PLOTTING AND SCHEMING: Just the title of Kitchen Dog Theater’s current show, Ponzi, tells you it’s timely. In the show, a rich woman shows a younger woman the social ropes in an effort to land her husband. But the younger couple may have plans of their own. The show was commissioned by KDT as part of its New Play Festival. And judging from the reviews, this new play still needs some work. Or, as David Novinski says in his theaterjones.com review, “This potboiler still needs some salt.” Alexandra Bonifield was non-plussed as well. “Watching turtles fight over sunning spots on a White Rock Lake log offers better dramatic truth. Eventually, someone falls in the water with a splash,” she writes on criticalrant.com. The last word goes to Lawson Taitte, who shares his fellow critics’ opinions. “Neither the plotting nor the character development is all that compelling,” he writes on dallasnews.com.
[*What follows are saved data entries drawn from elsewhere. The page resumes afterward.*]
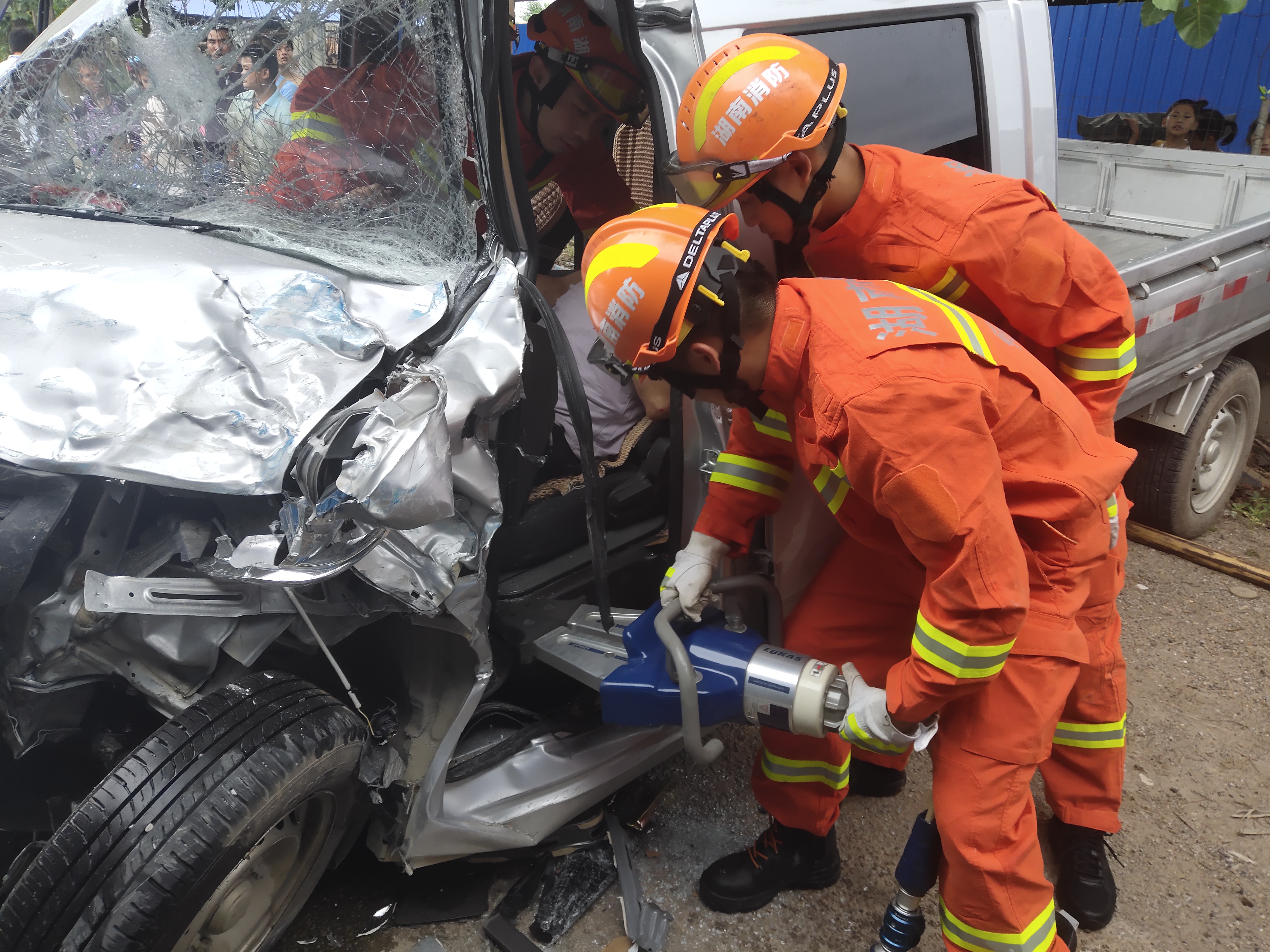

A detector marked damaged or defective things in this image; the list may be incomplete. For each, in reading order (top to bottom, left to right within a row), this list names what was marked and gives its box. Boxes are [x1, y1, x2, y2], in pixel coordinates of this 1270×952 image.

shattered windshield [0, 0, 478, 286]
crumpled hood [0, 212, 450, 494]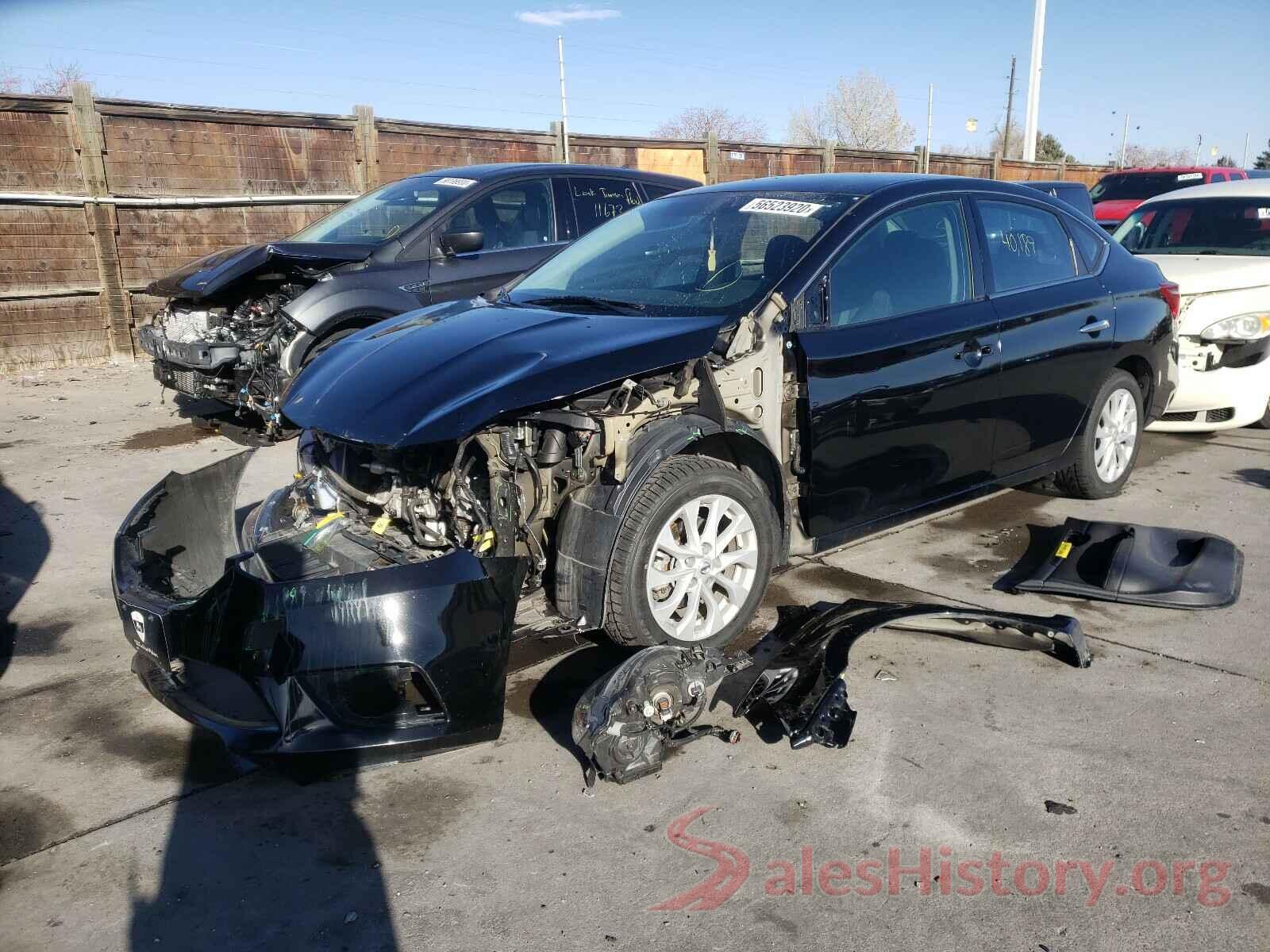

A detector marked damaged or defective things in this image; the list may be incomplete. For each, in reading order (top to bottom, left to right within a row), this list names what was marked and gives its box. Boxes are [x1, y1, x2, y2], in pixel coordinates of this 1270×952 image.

crumpled hood [145, 240, 371, 299]
damaged black suv [141, 163, 695, 444]
crumpled hood [283, 298, 731, 447]
crumpled hood [1092, 198, 1143, 225]
crumpled hood [1143, 255, 1270, 297]
detached headlight assembly [1199, 313, 1270, 343]
damaged black suv [114, 171, 1173, 766]
damaged dark blue sedan [114, 171, 1173, 766]
detached black fender liner [110, 451, 521, 771]
black suv broken front end [110, 451, 521, 771]
detached front bumper cover [111, 451, 523, 771]
detached black fender liner [716, 604, 1092, 751]
detached black fender liner [1010, 523, 1239, 612]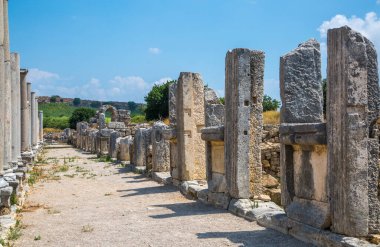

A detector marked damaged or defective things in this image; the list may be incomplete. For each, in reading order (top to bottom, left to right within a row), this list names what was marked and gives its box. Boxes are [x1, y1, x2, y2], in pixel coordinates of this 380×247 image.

broken marble pillar [117, 135, 134, 162]
broken marble pillar [151, 121, 169, 172]
broken marble pillar [177, 72, 206, 180]
broken marble pillar [202, 88, 226, 194]
broken marble pillar [224, 48, 262, 199]
broken marble pillar [280, 38, 330, 230]
broken marble pillar [326, 26, 380, 236]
FW ON FILM: If there’s a don of Fort Worth filmmaking, it’s James Johnson. That’s because everyone who is involved in the film business there is connected to him in one way or the other. The owner of the Spiral Diner has already directed his own scripts, made videos for bands and produced films for others, including David Lowery’s last two efforts. And up next, he’s planning to open an art house theater in Fort Worth. “We’re just going with our gut on this,” he tells Fort Worth Weekly. “No one thought vegan food would work in Fort Worth. I just think a city that can support the art museums and theater troupes that we have here can support art films too. You have to give the audience a chance to show up.”
THE GRAND TOUR: Last night I saw Woody Allen’s Midnight in Paris, and it has me wanting to go back to the City of Lights. Too bad I’m not a member of the Dallas Museum of Art’s Donor Circle. A group of 18 members recently got an “insider’s tour” of the city with DMA Interim Director Olivier Meslay, who came to Dallas from the Louvre. On the DMA’s Uncrated blog, you can see pictures from the trip and sigh longingly over the fact that you weren’t there.